Let's perform the correlation analysis based on the small table that contains data on the sales number of four types of goods by dates.
Source table:
| Date | Spaghetti | Tomato paste | Pasta | Coffee |
|---|---|---|---|---|
| 02.09.17 | 10 | 20 | 15 | 25 |
| 03.09.17 | 12 | 22 | 12 | 26 |
| 04.09.17 | 14 | 25 | 9 | 26 |
| 05.09.17 | 13 | 24 | 10 | 25 |
| 06.09.17 | 14 | 25 | 9 | 24 |
| 07.09.17 | 14 | 25 | 9 | 23 |
| 08.09.17 | 12 | 21 | 12 | 24 |
| 09.09.17 | 10 | 18 | 14 | 23 |
| 10.09.17 | 16 | 24 | 9 | 22 |
| 11.09.17 | 13 | 21 | 9 | 23 |
| 12.09.17 | 17 | 25 | 7 | 25 |
Let's define correlation of the "Spaghetti" item of goods with other goods based on the Pearson coefficients (it is required to mark the "Spaghetti" field in "Set 1" and other goods in "Set 2" in the handler wizard).
Output table:
| Caption | Caption | Pearson coefficient |
|---|---|---|
| Spaghetti | Tomato paste | 0,83 |
| Spaghetti | Pasta | -0,93 |
| Spaghetti | Coffee | -0,12 |
As shown in the table, the sale series of the "Tomato paste" item of goods is distinguished by very high positive correlation, whereas the "Pasta" item of goods is characterized by the negative correlation. Thus, it is possible to draw a conclusion that the "Tomato paste" item of goods is a complement product, whereas the "Pasta" item of goods is a replacement product. The sale correlation of the "Coffee" item of goods with the "Spaghetti" item of goods is negative but the absolute correlation value is small, consequently, it is possible to draw a conclusion that there is no interrelation between sales of these items of goods.
Ports
Input
Input data source (data table).
Output
Output data set: the table that contains information on correlation between the fields. It has the following structure:- Required fields:
- Fields|Name: the name of the first field in the correlation pair.

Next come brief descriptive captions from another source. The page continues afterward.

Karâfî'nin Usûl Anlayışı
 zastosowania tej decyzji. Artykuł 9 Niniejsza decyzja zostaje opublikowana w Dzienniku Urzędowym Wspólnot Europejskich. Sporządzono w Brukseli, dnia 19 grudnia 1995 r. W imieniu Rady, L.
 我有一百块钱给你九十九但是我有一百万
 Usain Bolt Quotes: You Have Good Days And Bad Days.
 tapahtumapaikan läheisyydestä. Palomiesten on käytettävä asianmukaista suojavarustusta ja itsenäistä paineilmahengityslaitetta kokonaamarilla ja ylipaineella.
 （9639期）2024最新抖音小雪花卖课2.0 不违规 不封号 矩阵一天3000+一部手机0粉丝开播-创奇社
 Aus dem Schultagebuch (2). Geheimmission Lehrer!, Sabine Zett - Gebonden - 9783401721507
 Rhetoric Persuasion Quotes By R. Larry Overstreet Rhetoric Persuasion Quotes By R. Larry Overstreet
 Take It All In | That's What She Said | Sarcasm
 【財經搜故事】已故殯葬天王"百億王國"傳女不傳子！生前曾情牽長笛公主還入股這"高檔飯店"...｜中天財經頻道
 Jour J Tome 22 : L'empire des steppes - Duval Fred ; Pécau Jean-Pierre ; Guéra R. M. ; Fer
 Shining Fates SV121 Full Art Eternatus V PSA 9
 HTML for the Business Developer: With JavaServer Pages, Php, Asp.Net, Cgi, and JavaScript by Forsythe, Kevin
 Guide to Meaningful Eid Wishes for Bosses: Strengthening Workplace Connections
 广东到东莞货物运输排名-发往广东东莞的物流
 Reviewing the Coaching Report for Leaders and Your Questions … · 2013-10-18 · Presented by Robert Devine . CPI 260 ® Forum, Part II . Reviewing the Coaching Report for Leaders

- Fields|Caption: the caption of the first field in the correlation pair.
- Fields|Name: the name of the second field in the correlation pair.
- Fields|Caption: the caption of the second field in the correlation pair.
- There are the following fields the availability of which is set by a user:
- Pearson: the Pearson correlation coefficients.
- Correlation function extremum: extremums of cross-correlation function.
- Kendall's Tau-b: the Kendall's Tau-b rank correlation coefficient.
- Spearman: the Spearman's rank correlation coefficient.
- Required fields:
Wizard
It includes the list of checkboxes that enable to select coefficients for correlation estimation:
- Pearson correlation coefficient enables to determine the strength and direction of the linear relationship between two processes that occur simultaneously.
- Kendall's Tau-b coefficient: the rank correlation coefficient that is used to identify the quantitative relationship between variables if they can be ranked. It is recommended to use for categorical data.
- Extremum of cross-correlation function enables to calculate the maximum absolute value of the correlation coefficients of two processes calculated for all possible time shifts. It should be applied if it is required to determine the linear relationship between two processes, or parts of the processes that occur with a certain time lag.
- Spearman's rank correlation coefficient is another version of the rank correlation. Corresponding ranks, not numerical values, are used for numerical fields to estimate the connection strength. Therefore, the Spearman coefficient will be 1 or -1 for any monotone sequences.
It is possible to select the series in the table to analyze interconnection. For each field from "Set 1" selected with a checkbox, correlation coefficients with the fields selected with checkboxes in "Set 2" will be calculated.